■ **Your assignment**: Could you output the listing that follows exactly, without its images?

■ **Dataset extract**:
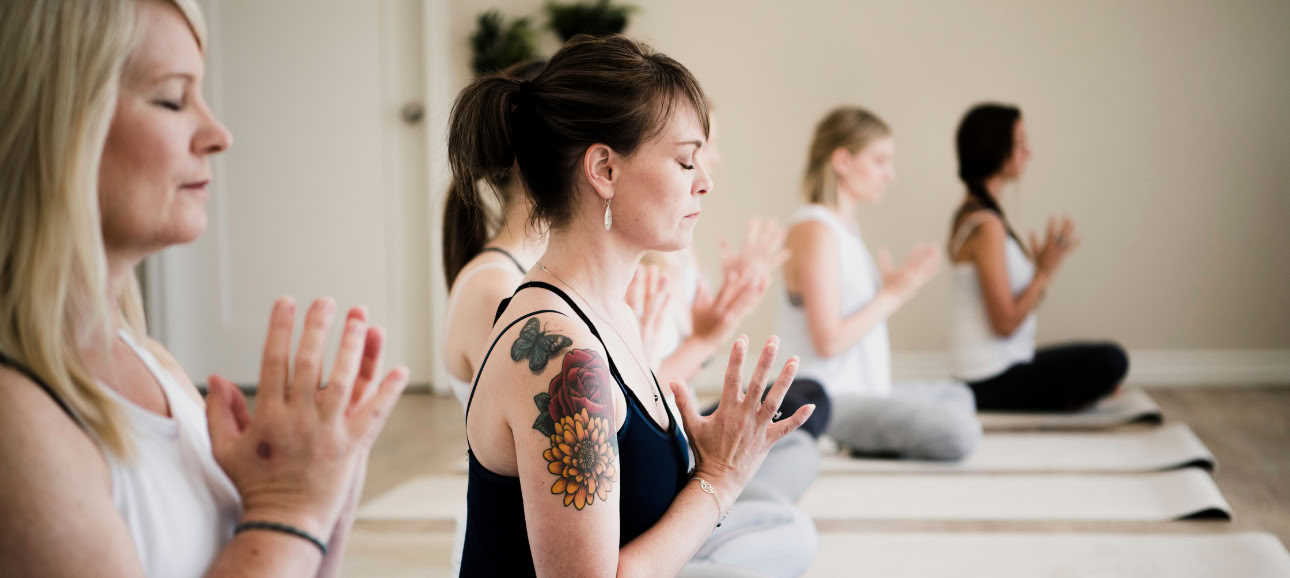Proclamare la sana normalità di base: vivere il sentiero del Bodhisattva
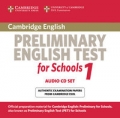 cambridge-preliminary-english-test-for-schools-1-audio-2cd.jpg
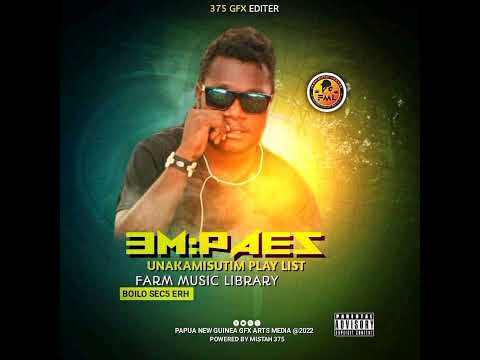 Nangu bi Sepik Wara (2022)Awa Kay & Bee Joh ft Tarvin tuone X DogFace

■ **Finished exercise**:
Proclamare la sana normalità di base: vivere il sentiero del Bodhisattva
 cambridge-preliminary-english-test-for-schools-1-audio-2cd.jpg
 Nangu bi Sepik Wara (2022)Awa Kay & Bee Joh ft Tarvin tuone X DogFace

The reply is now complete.